Haras Rafiq really wasn't quite buying that - or what Sunday's other guests were saying either:
Sure. First of all, when we look at the psychology, the whole narrative that it's about disenfranchisement, it's about foreign policy, it's about poverty, doesn't really wash. If you look at some statistics, 57% of the convicted Islamist terrorists here in the UK went to higher education, had a degree. More than half of the people that are convicted of  Islamist terrorism here in the UK actually were middle class, were actually engaged in either studying for medicine or other well-to-do sciences, and living a good life. 
But if you look at the actual psychology. the psychology really and the reading, you mentioned "the twisted version", this is not neces...this is a version. This is a version that is coming out of the Middle East, a version... 
What is the difference between somebody in Saudi Arabia or somebody else in the Middle East who actually says that in an ideal Islamic state that anyone who commits...somebody who goes through the due process of Sharia and actually changes their faith should be stoned to death or somebody who is gay should be stoned to death. Then ISIS. The only difference is that one has a theological interpretation that they would like to do it if they could, and in Saudi Arabia (and other places) they are, and in the other one they've created the Islamic State. 
So this is really a version that is coming out from the Middle East and it's designed to do seven things. The first is create the 'otherisation': "I am one group any everyone else is different". Secondly, collectivisation, that "Everybody else is the same". Then it talks about the 'oppression narrative', that "They are oppressing us". It talks about the 'collective guilt' that "everybody else is complicit" in oppressing them. Then comes the 'supremacism': "We're better than them". Then comes the 'self-defence' and finally the idea of violence. This is not new. We've had this theology within mainstream Islam for a couple of hundred years or so... which point William Crawley interrupted to say, "And indeed within medieval Christianity, a kind of apocalyptic theology - a form of theological paranoia".
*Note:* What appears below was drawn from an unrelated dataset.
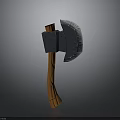 Axe Weapon 3D Model Design With Wooden Handle And Metal Head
Haras agreed that that's what it is and called for reform - not a reformation but reform: a plurality of interpretations drawing on traditional, classical readings. Hmm.

As William said in conclusion, very interesting indeed.


  1. "We've had this theology within mainstream Islam for a couple of hundred years or so..."

    This doesn't wash with me. We've had mainstream Islam for 1400 years and it has, as a matter of historical fact, been involved in aggressive warfare, enslavement, genocide and so on since its inception.

  2. Why are none of the UK mainstream media reporting the fact that the Bataclan Theatre had been a target of the anti-zionist movement in France for many years? It is clearly very relevant to the whole story - presumably this is the missing "Jewish" target of the terrorists.